CMEA Response to Updated Guidance from the California Department of Public Health – September 1, 2021
CDPH Guidance Continues to Fall Short for Music Education
The California Music Educators Association (CMEA) is once again sorely disappointed in the guidance released on September 1, 2021 (click that link, item #16) by the California Department of Public Health (CDPH). In our efforts to work with the CDPH, we find them lacking in their ability to listen to us as professionals in the field of teaching music education in California. In June 2020, in a virtual face to face meeting, we asked them to separate in-school music teaching and learning from activities that take place after school, such as sports and clubs. We explained that music taught in the classroom to thousands of students daily is not “extracurricular.” When addressed in this manner, and in state guidelines by a state agency, they are reinforcing what we do as music educators and what our students do as music learners is not as important as math or science or other subjects taught in our schools.
The inability for the CPDH to differentiate in-class instruction from after school activity demonstrates a lack of knowledge and understanding of the California education code that states music is a required subject in schools.

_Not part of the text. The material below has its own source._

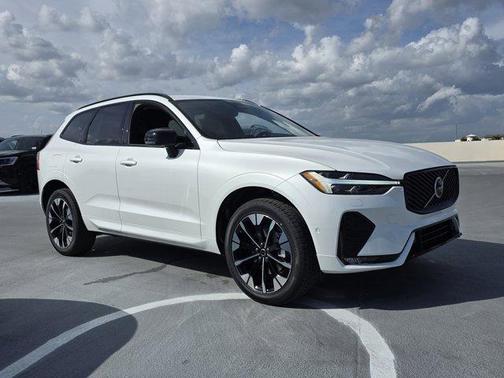 Crystal White Metallic 2026 Volvo XC60 B5 Plus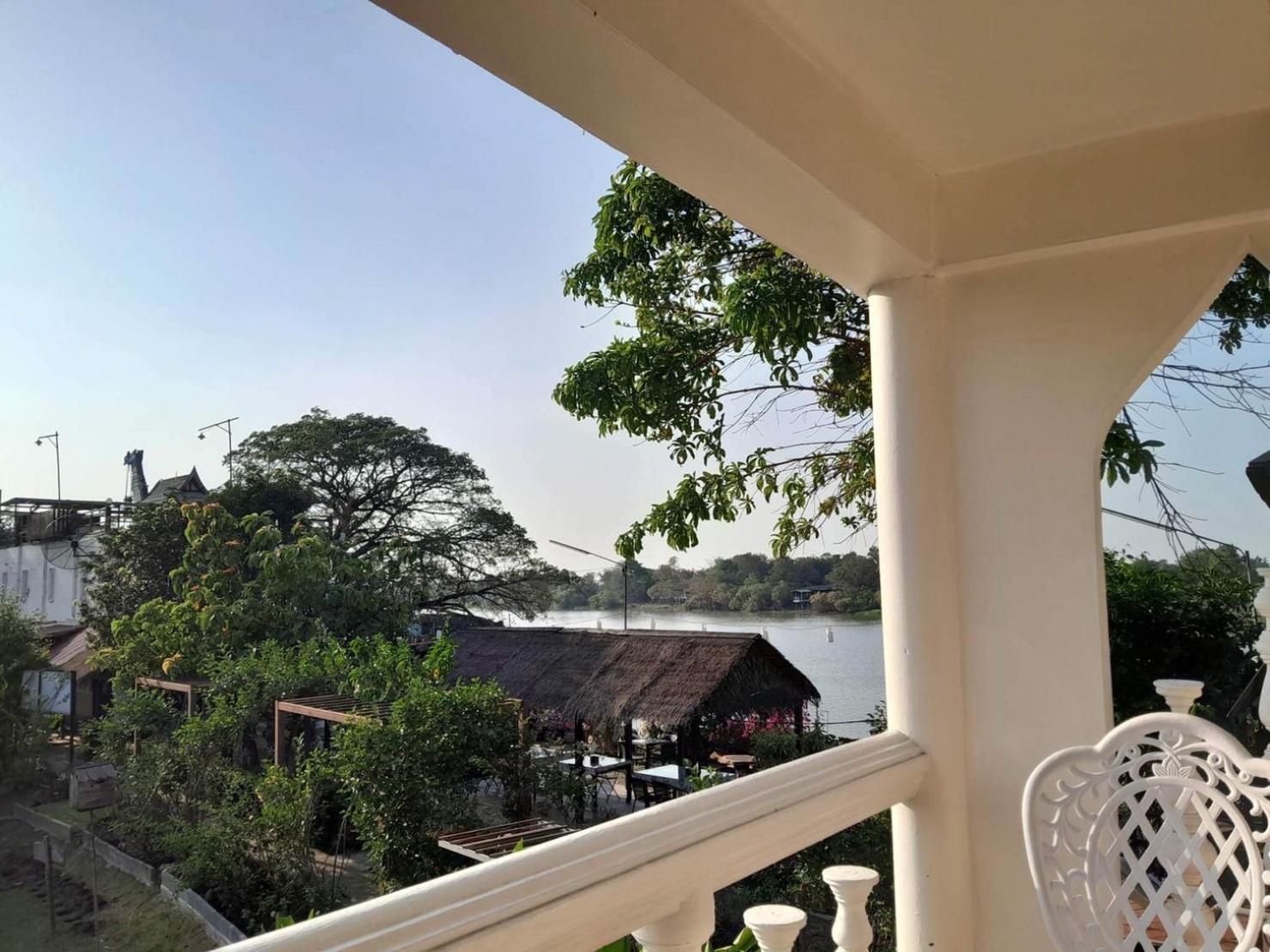 Ayutthaya Garden River Home Ban Bang Krasan Exteriér fotografie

In addition, California has adopted music standards and a state adopted framework to guide instruction. Their inability to do so disrespects all of the work that music educators must do to provide music instruction in our schools, TK – 12, their efforts to follow the CDPH guidelines, and shows little respect for every student in our band and choir classes, that what they receive as part of their K-12 education in music is just an “extracurricular activity.”

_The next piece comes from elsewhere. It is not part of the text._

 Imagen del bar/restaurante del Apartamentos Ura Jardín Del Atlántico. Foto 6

Research has shown that wind instruments can be played with appropriate bell covers with students wearing face coverings, and all singing can take place wearing a face covering. CMEA has provided this information since July 2020 based on the peer-reviewed, University of Colorado/University of Maryland Performing Arts Aerosol Study. Personal Protective Equipment (PPE) has been designed specifically for wind players and singers, as well as covers for all wind instruments. The fact that the guidance still does not specifically acknowledge that indoor instruction can take place with these appropriate face coverings and instrument covers falls short once again, and is left to interpretation by health departments, school administrators, and district/school legal councils. We believe the CDPH is more interested in activities such as sports and clubs than what is mandated as inclusive of an education for all students.

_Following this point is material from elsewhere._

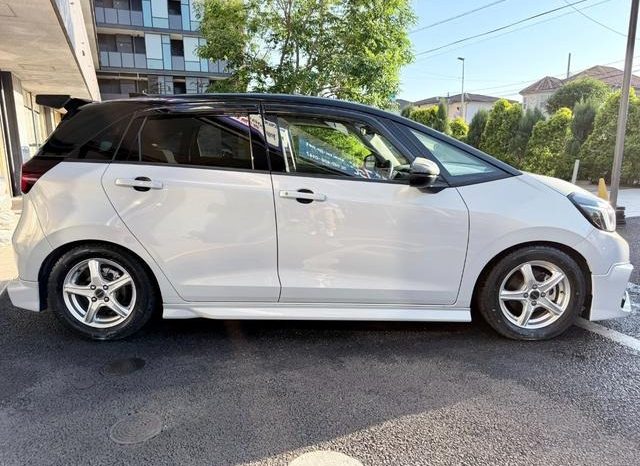 
								HONDA FIT E:HEV HOME full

Finally, many schools do not have the capacity to maintain six feet of physical distance, and the science has shown that it is not necessary with the correct PPE and coverings for wind instruments and singers. Just as the guidance points out on page 4, item 2: Physical Distancing a. “Recent evidence indicates that in-person instruction can occur safely without minimum physical distancing requirements when other mitigation strategies (e.g., masking) are implemented. This is consistent with CDC K-12 School Guidance.” This is the same guidance when masking the wind player, the wind instrument, and the singer. We see a disparity between sports guidelines—which does NOT have physical distancing requirements, allows for full contact, and does not require students to be masked—compared with the guidance for music education. CMEA feels there is an inequity in the CDPH’s approach, which highlights a disparity between activities, is a safety hazard, and creates confusion for many.
We once again implore CDPH to clarify its guidance and that California Administrators and Legislators work to help CDPH make these clarifications. We call on Governor Gavin Newsom, State Superintendent of Public Instruction Tony Thurmond, State Board of Education President, Dr. Linda Darling-Hammond, California School Board Association President, Dr. Susan Heredia, Assembly member and Chair of the Assembly Education Committee, Patrick O’Donnell and Senator and Chair of the Senate Education Committee, Connie Leyva on behalf of music education and music students in CA schools to correct the language in the guidance dated September 1, 2021 to allow music students—singers and wind players—to sing and play wind instruments with appropriate coverings and face coverings and place music education where it correctly belongs, as part of the school day instruction for all of our students in California.